RECORD EXCERPTS -

★ ★ ★

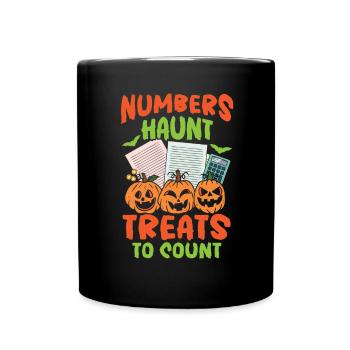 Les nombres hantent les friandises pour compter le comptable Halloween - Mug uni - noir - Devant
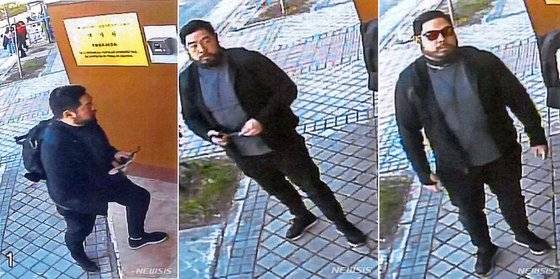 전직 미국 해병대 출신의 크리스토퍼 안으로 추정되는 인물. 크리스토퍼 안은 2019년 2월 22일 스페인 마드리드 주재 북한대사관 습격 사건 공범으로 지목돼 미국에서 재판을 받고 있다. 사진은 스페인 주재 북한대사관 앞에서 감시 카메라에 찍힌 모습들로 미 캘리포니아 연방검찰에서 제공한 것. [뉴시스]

★ ★ ★

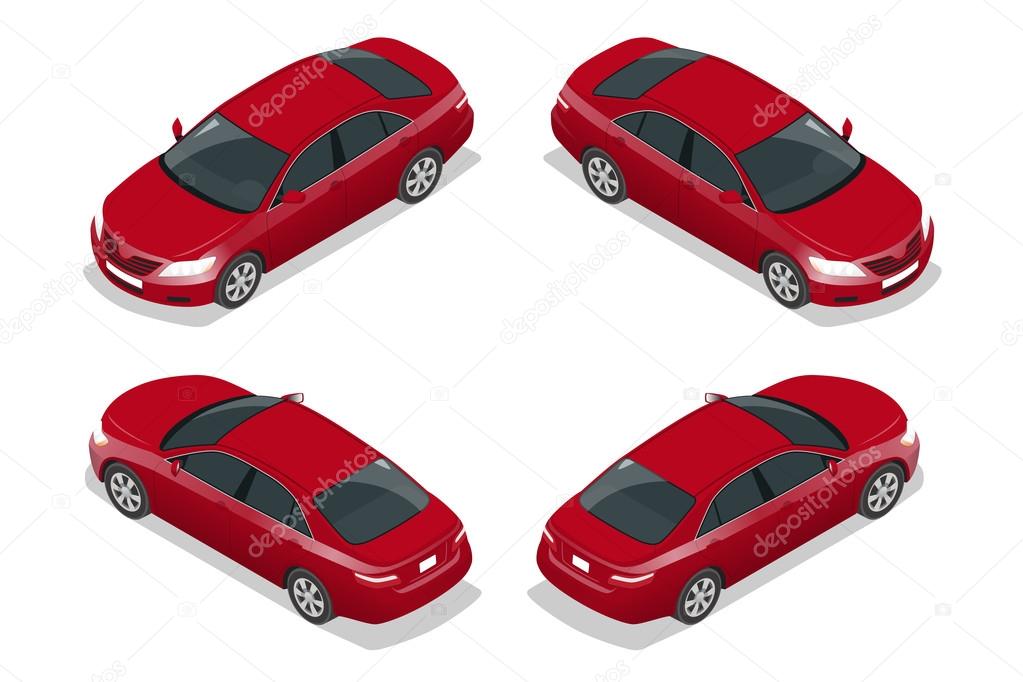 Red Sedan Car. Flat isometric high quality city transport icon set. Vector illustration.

★ ★ ★

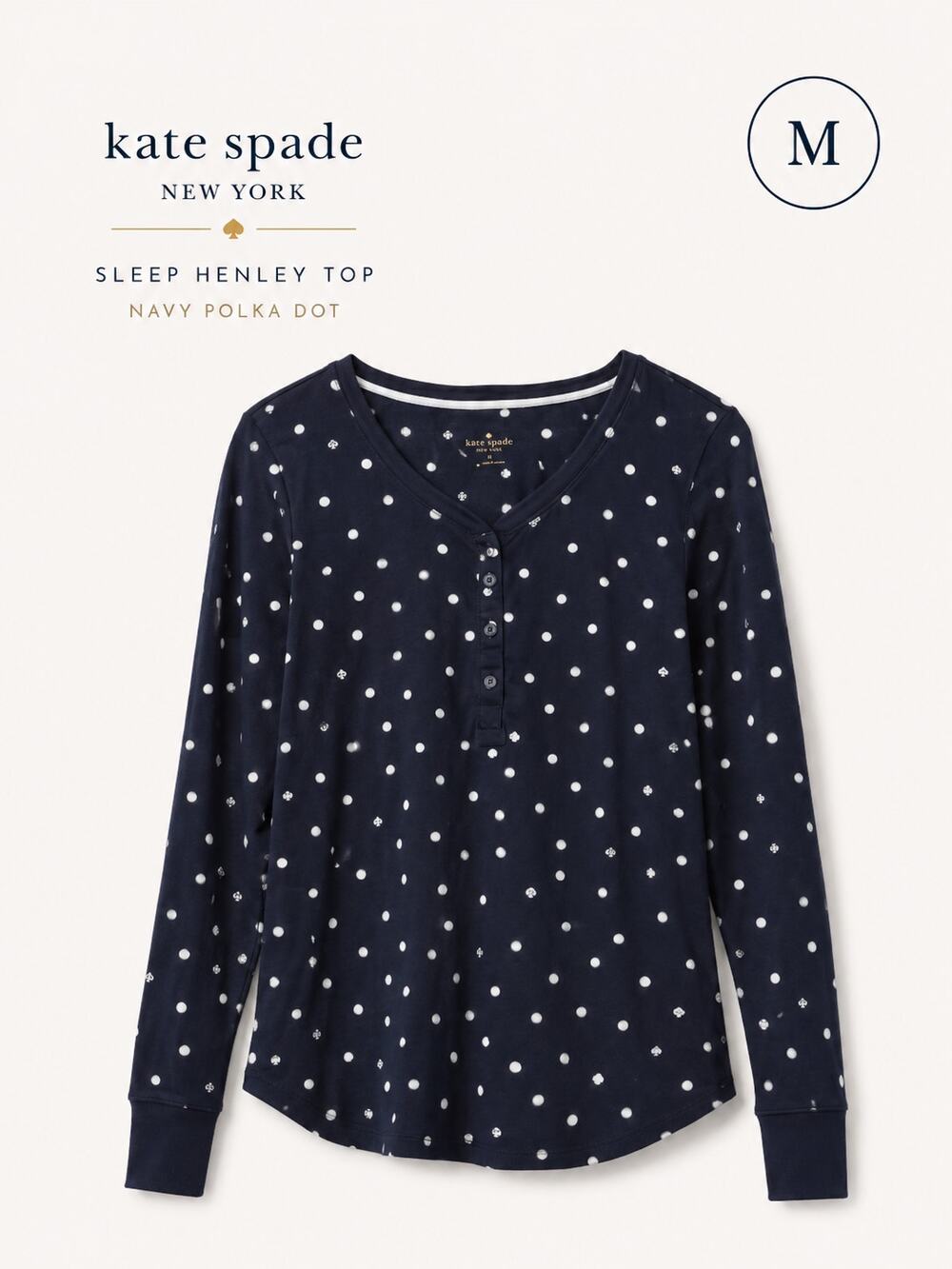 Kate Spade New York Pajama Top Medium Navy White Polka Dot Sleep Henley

★ ★ ★

ACTION ITEM - Copy only these lines from the records above, exactly: the one with "Les nombres hantent", the one with "전직 미국 해병대 출신의", and those between. Skip the pictures.

SOLUTION -
 Les nombres hantent les friandises pour compter le comptable Halloween - Mug uni - noir - Devant
 전직 미국 해병대 출신의 크리스토퍼 안으로 추정되는 인물. 크리스토퍼 안은 2019년 2월 22일 스페인 마드리드 주재 북한대사관 습격 사건 공범으로 지목돼 미국에서 재판을 받고 있다. 사진은 스페인 주재 북한대사관 앞에서 감시 카메라에 찍힌 모습들로 미 캘리포니아 연방검찰에서 제공한 것. [뉴시스]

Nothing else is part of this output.